TWO years ago at the Tory Party conference, Theresa May gave a speech containing a line many thought extraordinary.

“If you believe you are a citizen of the world,” the PM said, “you are a citizen of nowhere — you don’t understand what citizenship means.”

“It was kind of jaw-dropping,” says artist and curator William Galinsky. “I don’t know if she realised the degree to which it could be perceived as such an attack on the Enlightenment, on education and on the globalist world that has meant a lot of things like cheap foreign travel and being able to work in whatever country you want to.”

Galinsky, alongside National Theatre of Scotland artistic director Jackie Wylie, is co-curator of Citizen Of Nowhere, a festival running in venues across Dundee from November 7-11. Presented as part of digital arts festival NeoN, it asks how theatre and technology can respond to an increasingly fragmented civil society.

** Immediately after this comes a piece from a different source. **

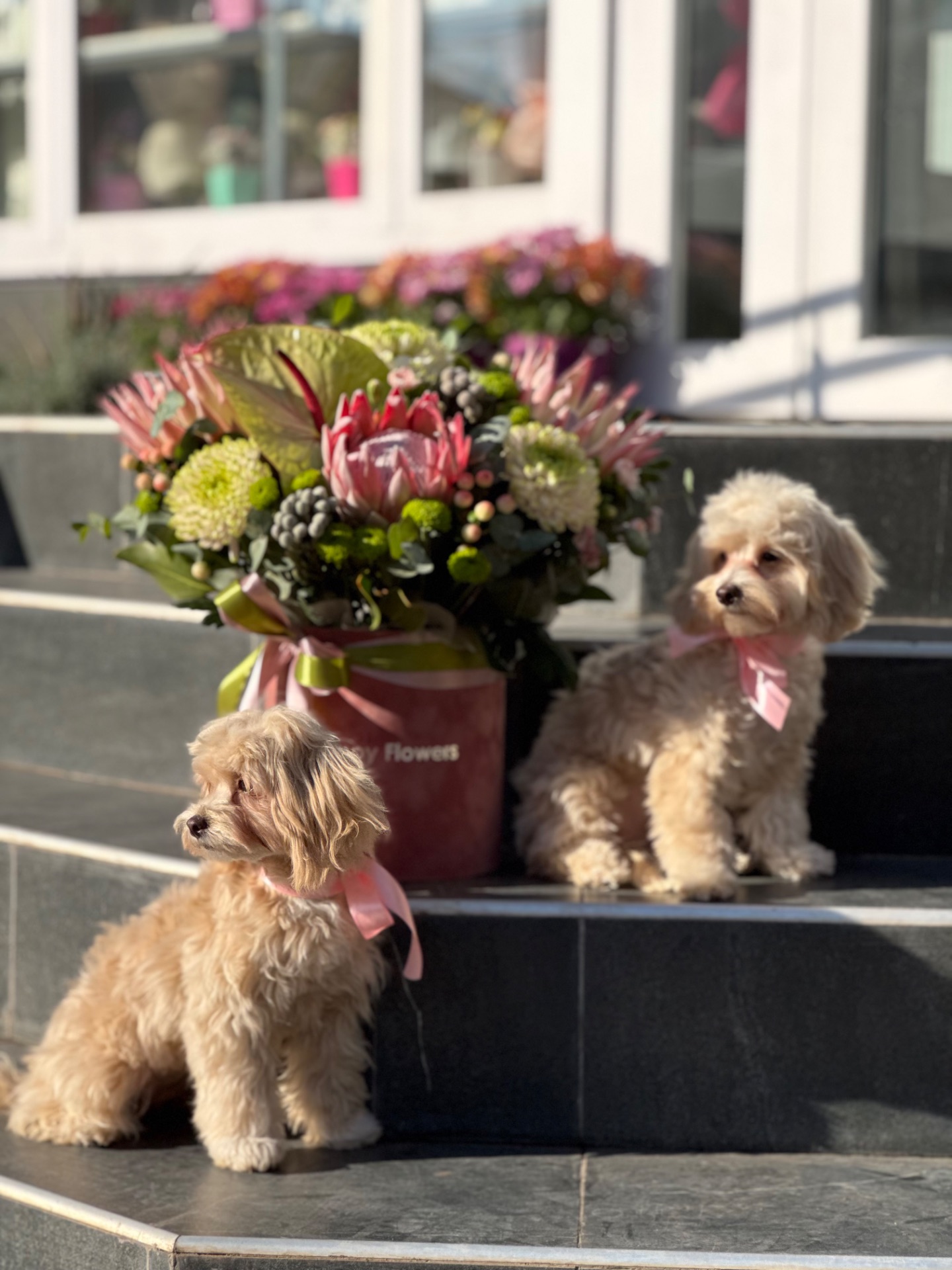 Дівчата мальтіпу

With many events free or around £5, Citizen Of Nowhere includes Unknown Cloud, “an immersive virtual reality experience/social experiment”, Hello Hi There, a play starring two Macbooks, Jeremy Goldstein’s participatory Truth To Power Cafe, and Pig, a large transparent sculpture of a pig.

To be situated somewhere in Dundee city centre, artist Seth Honnor’s giant piggybank encourages passers-by to contribute to a community fund.

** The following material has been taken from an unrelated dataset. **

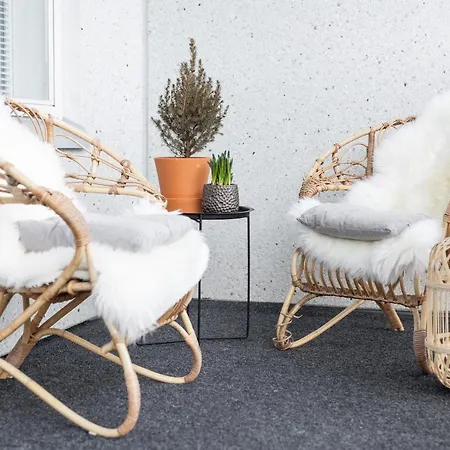 Arctic Aurora Rovaniemi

“Once you’ve agreed how to spend it,” the sign inside reads, “you can open me and spend it. #ThePig.”

Galinsky says values such as diversity, unity and empathy are coming under sustained attack as populism creeps across the globe, most recently evidenced by the victory of right-wing extremist Jair Bolsonaro in Brazil.

“Apparently WhatsApp groups had a massive influence on that,” notes Galinsky of Bolsonaro’s win. “A couple of years ago, when I was coming to realise the influence that social media and Google algorithms were having on upsetting civic discourse, I had an idea to start working with artists and theatre-makers to influence the direction that disruptive technology was going.”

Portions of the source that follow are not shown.